In some of the villages of this district, people lived to a tremendous age, so much so that a death at 90 seemed young. For a time, a group of Japanese researchers would come and visit for the summer and drink the local water and make yogurt according to the local method to find out whether the secret to longevity was in the yogurt or in the springs or in something else. The locals insisted the secret was to have three hearts: “One for loving people. Another for loving yourself. And the third one, to love the mountains.”

Borders frighten; frontiers entice. Despite its title, Kapka Kassabova’s marvelous new travelogue, Border: A Journey to the Edge of Europe, is a book about both. It traces a journey around the zone where Greece, Turkey, and her ancestral Bulgaria meet, a place Kassabova calls “the last border of Europe.” It is also a journey across time, for, as Kassabova writes, “in the minds of those who don’t live or visit there, this border is another country, a bit like the past, where they do things differently.”

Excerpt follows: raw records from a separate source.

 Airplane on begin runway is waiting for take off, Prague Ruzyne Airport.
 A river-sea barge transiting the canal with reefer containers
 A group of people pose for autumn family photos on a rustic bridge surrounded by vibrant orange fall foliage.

This country, of the Greco-Turkish-Bulgarian borderlands, is a region long neglected by tourists and mistreated by governments, but one that in recent years has acquired a new geopolitical importance. Once it was the southern edge of the Iron Curtain. Bulgaria was surrounded by an electrified, alarmed barbed-wire fence: its official name was simply as Saorajenieto, or “the Installation.” Next to it ran a strip of bare earth, carefully combed so even a bird’s footprint could be seen in it; it was known as the Furrow of Death. Now this same fence marks the southeastern edge of the European Union. Barriers which once held in people trying to escape life in the people’s democracies now try to stem the flow of migrants from Iraq, Syria, and the other shatter zones of the Middle East. Kassabova arrived in 2014, just as this “flow was becoming a haemorrhage.”

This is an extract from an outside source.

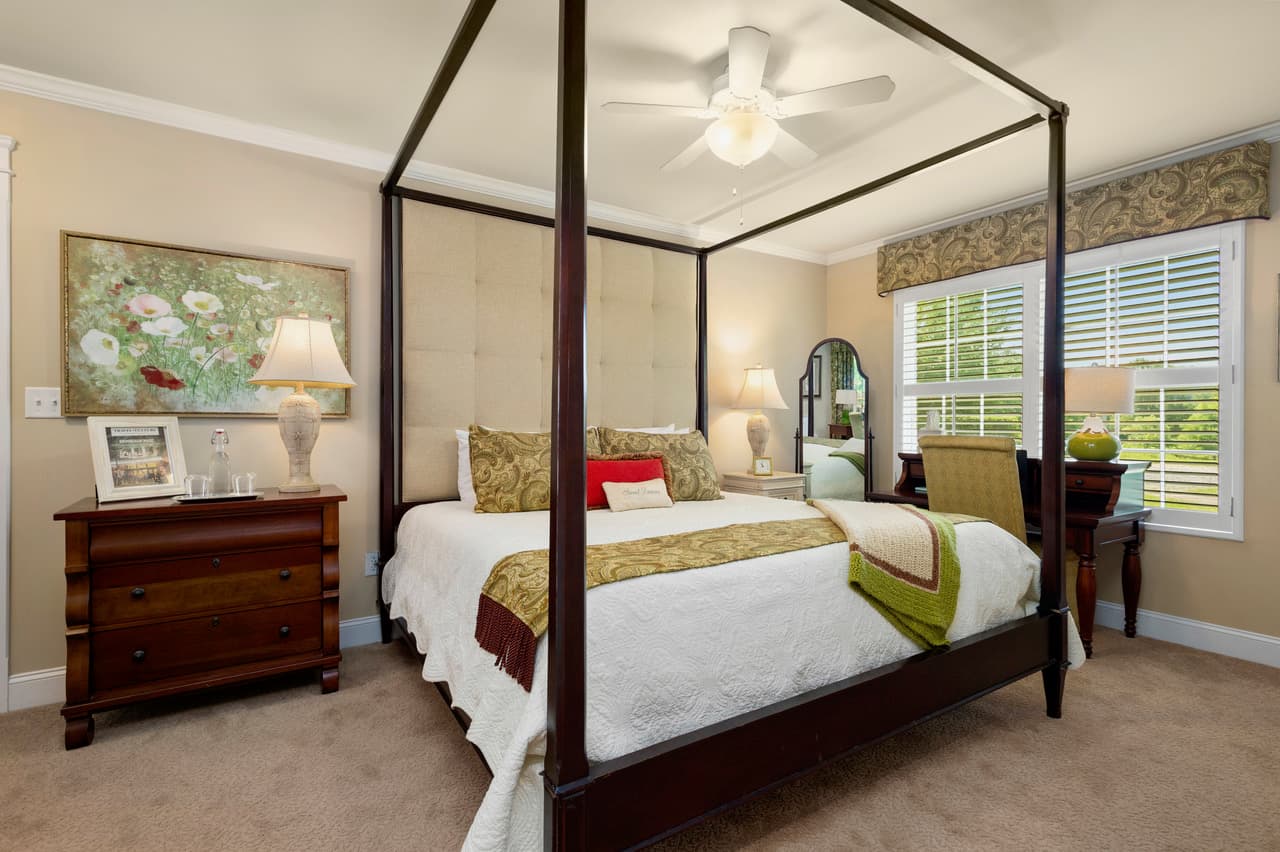 Canopy bedroom with ceiling fan, desk, and large window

In telling the story of these twin migrations, Kassabova doesn’t try to prosecute an agenda or illustrate a theory. She simply listens. In Berlin, she hears the story of Felix S., an East German from Erfurt, who was caught trying to cross the border in 1971, and subsequently jailed and beaten for months in special prisons supervised by the East German secret police. On the Bulgarian side of the border, she speaks to border guards, smugglers, human traffickers, and the local shepherds and woodsmen who, under communism, were required to turn in would-be escapees. On the Turkish side, she meets refugees trying to cross those same borders in the present. At Ali’s Café, the Rick’s of the Turkish frontier, she speaks to young men from Syria and Kurds fleeing Iraq. In a Turkish cafe on the Bulgarian border, she listens to the stories of Kurds fleeing Iraq for the West. “In Kurdistan, you’re never too young to be a widow,” a mother of eight tells her. Back on the Bulgarian side, in a chicken shack run by the son of a Syrian father and a Bulgarian mother, Kassabova wonders: “Can the shabby periphery be a cosmopolis? If so, it was a strange cosmopolis of people who had embarked on a forced adventure, and their roads had converged here, at the point between opportunity and catastrophe.”

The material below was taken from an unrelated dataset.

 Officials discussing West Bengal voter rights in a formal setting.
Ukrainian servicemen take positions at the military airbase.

This type of shabby cosmopolitanism was once typical of border zones across Eastern Europe, from the Polish kresy to the Dinaric Alps. The Bulgarian borderlands were zones of “mixed populations” going back to the time of the ancient Thracians. As Kassabova points out, it was only when empires (in this case, the Ottoman) started transforming into nation-states that this long-standing diversity became politically problematic. The problems persisted into the days of communist rule, which, in spite their supposedly universalizing mission, regarded ethnic minorities as a source of political instability. In 1986, during the death throes of the communist regime, Bulgaria expelled members of its sizable Turkish minority, forcing thousands to leave the country carrying their possessions on foot and in wagons. Kassabova calls this campaign of expulsion “pointless and poisonous, a way for a police state in decline to distract the populace from the real issues of the day,” and compares it to the role the Falklands War played for the Argentine junta. “A minority,” she observes, “is always easy prey.”

Hostility toward “inconvenient” minorities has a long history in this region. Long before the expulsion of the Bulgarian Turks, Bulgaria and its neighboring nation-states regarded another Muslim minority group with suspicion: the Pomaks, indigenous Balkans who converted to Islam centuries ago. In the 20th century, both Greece and Bulgaria decided that this group constituted a threat. The Bulgarians thought the Pomaks were “the fifth column of Turkey and Orientalism.” The Greeks thought they “were the fifth column of Bulgaria and communism.” On both sides of the border, Pomaks were deported from their native villages and forced to change their names, from ones that sounded Turkish to ones that sounded Slavic on one side, and from ones that sounded Slavic to ones that sounded Turkish on the other. Today, many have embraced a more narrowly “Turkish” identity rather than a Slavic Muslim one, as the last remaining option in a world suspicious of hybridity and border-crossers. “[T]his seems like a throwback to the old blurring of ethnos and religion,” writes Kassabova. But then, “nationalism is like that — it won’t just let people be.”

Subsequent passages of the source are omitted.